Charles Ellicott Commentary Genesis 48:22

Charles Ellicott Commentary

Genesis 48:22

1819–1905
Anglican
Charles Ellicott
Charles Ellicott

Charles Ellicott Commentary

Genesis 48:22

1819–1905
Anglican
SCRIPTURE

"Moreover I have given to thee one portion above thy brethren, which I took out of the hand of the Amorite with my sword and with my bow." — Genesis 48:22 (ASV)

One portion. —Hebrew, one Shechem. In favor of this being the town of Shechem is the fact that it belonged to Jacob (Genesis 37:12, where see Note); also that Joseph’s embalmed body was deposited there (see Joshua 24:32, where the land is said to have been bought for a hundred kesitas); and, lastly, the testimony of John 4:5, where a parcel of ground at Sychar, close to Shechem, is identified with the ground given by Jacob to Joseph. On the other hand, one Shechem is an unnatural way of describing a town. Shechem also means, as we have seen (Genesis 12:6), the shoulder, and Abul-Walid, in his Lexicon, quoting this place, says that both the Hebrews and Arabs gave this name to any elevated strip of ground.

This is confirmed by Numbers 34:11 and following, though the word actually used, chatef, is different. Probably, therefore, there was a play on words in calling this plot of hill-ground Shechem, and not chatef, but made with the intention of showing that the town of Shechem was the portion really signified. But what is meant by “Jacob having taken it out of the hand of the Amorite by his sword and his bow”? Shechem was strictly a town of the Hivites, but as they were only a feeble tribe, the term Amorite may be used to give greater glory to the exploit.

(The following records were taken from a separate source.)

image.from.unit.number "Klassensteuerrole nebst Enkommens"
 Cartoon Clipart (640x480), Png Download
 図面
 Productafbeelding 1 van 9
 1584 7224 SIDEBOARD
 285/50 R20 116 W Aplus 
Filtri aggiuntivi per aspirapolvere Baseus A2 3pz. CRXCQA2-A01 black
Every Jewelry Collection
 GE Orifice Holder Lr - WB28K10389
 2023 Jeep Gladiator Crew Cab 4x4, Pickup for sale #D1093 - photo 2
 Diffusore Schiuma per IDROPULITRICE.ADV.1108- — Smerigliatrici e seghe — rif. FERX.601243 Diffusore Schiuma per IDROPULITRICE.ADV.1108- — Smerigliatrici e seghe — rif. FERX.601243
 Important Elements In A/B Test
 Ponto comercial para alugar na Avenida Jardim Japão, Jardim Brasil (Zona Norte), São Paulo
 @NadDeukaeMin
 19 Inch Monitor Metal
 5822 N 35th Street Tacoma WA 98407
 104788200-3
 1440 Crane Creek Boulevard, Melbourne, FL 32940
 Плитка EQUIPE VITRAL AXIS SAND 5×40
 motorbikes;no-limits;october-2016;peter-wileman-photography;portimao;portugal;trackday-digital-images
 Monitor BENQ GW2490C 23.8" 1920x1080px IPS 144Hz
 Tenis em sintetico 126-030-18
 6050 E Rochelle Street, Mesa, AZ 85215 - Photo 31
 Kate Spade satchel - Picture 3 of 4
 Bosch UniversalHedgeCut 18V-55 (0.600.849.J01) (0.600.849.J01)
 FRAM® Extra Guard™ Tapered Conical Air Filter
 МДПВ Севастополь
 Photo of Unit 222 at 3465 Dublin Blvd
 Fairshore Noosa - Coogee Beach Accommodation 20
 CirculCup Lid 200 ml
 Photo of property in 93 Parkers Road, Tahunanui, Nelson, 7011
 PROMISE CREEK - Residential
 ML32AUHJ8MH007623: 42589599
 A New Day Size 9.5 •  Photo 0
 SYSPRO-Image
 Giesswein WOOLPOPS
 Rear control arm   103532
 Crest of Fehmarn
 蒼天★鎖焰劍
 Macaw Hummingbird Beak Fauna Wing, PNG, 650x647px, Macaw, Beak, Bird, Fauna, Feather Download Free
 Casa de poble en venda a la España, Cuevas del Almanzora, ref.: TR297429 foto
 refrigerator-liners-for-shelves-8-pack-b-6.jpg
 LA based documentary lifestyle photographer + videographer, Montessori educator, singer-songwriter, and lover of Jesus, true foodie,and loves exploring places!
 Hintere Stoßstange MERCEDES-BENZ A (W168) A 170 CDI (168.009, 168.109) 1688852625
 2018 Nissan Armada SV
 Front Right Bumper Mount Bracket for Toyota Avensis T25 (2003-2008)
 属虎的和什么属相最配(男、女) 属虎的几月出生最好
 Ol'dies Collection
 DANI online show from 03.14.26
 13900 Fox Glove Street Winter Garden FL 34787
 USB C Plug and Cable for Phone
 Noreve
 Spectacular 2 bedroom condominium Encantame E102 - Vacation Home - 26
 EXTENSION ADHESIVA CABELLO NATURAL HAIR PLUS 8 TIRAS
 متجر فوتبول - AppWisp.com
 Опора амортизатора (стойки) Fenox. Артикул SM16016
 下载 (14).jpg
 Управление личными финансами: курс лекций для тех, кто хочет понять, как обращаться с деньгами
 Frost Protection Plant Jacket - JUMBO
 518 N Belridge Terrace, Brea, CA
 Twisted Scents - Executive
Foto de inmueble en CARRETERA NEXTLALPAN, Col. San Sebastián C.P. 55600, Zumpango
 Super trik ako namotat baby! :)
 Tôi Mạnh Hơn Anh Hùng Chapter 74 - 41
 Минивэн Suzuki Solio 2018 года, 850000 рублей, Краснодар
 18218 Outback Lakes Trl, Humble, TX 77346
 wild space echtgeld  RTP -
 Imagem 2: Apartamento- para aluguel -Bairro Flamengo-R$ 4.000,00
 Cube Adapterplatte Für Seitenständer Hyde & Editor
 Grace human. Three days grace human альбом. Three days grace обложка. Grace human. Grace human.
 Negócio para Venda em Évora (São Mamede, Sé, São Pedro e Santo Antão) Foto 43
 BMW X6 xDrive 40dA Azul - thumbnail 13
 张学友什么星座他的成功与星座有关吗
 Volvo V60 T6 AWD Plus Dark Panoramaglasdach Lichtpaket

In Genesis 15:16, the Amorites, literally mountaineers, are described as owners of the whole country, and probably it was a term loosely applied to all the inhabitants of the uplands, though occasionally used with a more definite meaning (Genesis 15:21). As Jacob so strongly condemns the conduct of Simeon and Levi (Genesis 49:5–7), he can scarcely refer to their exploit. Therefore, commentators generally suppose that he used the words prophetically, meaning, “which my descendants will, centuries hence, conquer for themselves with their swords and bows.” But this is to take the words of Holy Scripture in an unnatural sense.

Jacob was the owner of a strip of this “shoulder-land” in a way in which he was not the owner of any other portion of land in Canaan, except the cave of Machpelah; and we find him sending his cattle to pasture there when he was himself dwelling far away (Genesis 37:12). It is quite possible that, after the inhuman treatment of the Hivites at Shechem, the Amorites gathered together to avenge the Wrong, but were deterred by the threatening position taken up by Jacob, or even repulsed in an attack. The latter supposition would best harmonize with the fact that a mighty terror fell upon all the cities round about (Genesis 35:5), and also with the exultant spirit in which Jacob, a preeminently peaceful and timid man, here alludes to the one military exploit of his life.